### TASK DETAILS:
Give as output the line that contains "Rachel added a photo of their purchase", followed by every remaining line of the entries, unchanged and with nothing added.

### RECORDS PROVIDED:

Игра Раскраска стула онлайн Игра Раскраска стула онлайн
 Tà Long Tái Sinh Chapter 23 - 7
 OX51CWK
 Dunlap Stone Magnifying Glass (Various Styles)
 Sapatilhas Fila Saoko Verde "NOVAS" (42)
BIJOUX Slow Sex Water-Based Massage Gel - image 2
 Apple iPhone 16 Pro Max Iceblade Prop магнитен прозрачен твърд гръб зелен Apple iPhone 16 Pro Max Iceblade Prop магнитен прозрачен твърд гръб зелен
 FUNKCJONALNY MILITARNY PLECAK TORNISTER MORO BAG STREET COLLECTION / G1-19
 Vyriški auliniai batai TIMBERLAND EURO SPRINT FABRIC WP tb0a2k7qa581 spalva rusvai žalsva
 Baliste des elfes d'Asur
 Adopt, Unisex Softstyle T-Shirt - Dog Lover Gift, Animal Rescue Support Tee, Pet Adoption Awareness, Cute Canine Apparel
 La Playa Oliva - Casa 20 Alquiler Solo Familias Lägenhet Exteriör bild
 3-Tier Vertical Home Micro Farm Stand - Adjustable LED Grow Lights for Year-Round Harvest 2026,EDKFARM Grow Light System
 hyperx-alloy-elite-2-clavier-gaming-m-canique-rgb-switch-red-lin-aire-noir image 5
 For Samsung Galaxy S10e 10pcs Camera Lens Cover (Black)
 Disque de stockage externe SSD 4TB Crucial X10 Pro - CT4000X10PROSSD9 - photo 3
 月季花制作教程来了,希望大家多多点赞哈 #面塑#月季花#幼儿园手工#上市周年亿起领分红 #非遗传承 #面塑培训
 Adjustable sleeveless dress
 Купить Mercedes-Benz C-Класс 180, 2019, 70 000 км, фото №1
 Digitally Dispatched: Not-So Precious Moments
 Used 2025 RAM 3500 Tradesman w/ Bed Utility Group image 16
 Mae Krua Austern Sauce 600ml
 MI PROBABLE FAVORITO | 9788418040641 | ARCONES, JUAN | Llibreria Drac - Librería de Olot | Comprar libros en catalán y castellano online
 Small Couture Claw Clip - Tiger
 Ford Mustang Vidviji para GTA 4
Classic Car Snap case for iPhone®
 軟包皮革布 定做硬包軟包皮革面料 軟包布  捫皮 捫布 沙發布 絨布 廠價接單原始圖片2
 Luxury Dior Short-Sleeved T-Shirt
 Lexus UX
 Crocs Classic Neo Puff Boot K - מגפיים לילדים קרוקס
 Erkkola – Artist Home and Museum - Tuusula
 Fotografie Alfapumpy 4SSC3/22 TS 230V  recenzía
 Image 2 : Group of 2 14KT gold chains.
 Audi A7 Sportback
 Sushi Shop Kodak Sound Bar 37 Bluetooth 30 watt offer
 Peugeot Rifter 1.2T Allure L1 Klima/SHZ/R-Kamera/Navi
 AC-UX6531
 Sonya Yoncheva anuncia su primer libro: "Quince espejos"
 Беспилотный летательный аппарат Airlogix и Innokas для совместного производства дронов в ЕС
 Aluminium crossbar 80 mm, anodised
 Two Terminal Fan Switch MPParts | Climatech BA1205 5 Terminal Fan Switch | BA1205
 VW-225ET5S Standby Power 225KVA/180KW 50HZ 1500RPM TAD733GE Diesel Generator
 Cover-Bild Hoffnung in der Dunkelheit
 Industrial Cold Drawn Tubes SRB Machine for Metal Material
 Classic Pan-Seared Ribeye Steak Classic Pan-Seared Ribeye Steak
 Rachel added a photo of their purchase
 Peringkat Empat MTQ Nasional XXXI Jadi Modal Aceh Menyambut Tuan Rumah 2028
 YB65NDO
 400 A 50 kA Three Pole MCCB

### OUTPUT FOR THIS TASK:
 Rachel added a photo of their purchase
 Peringkat Empat MTQ Nasional XXXI Jadi Modal Aceh Menyambut Tuan Rumah 2028
 YB65NDO
 400 A 50 kA Three Pole MCCB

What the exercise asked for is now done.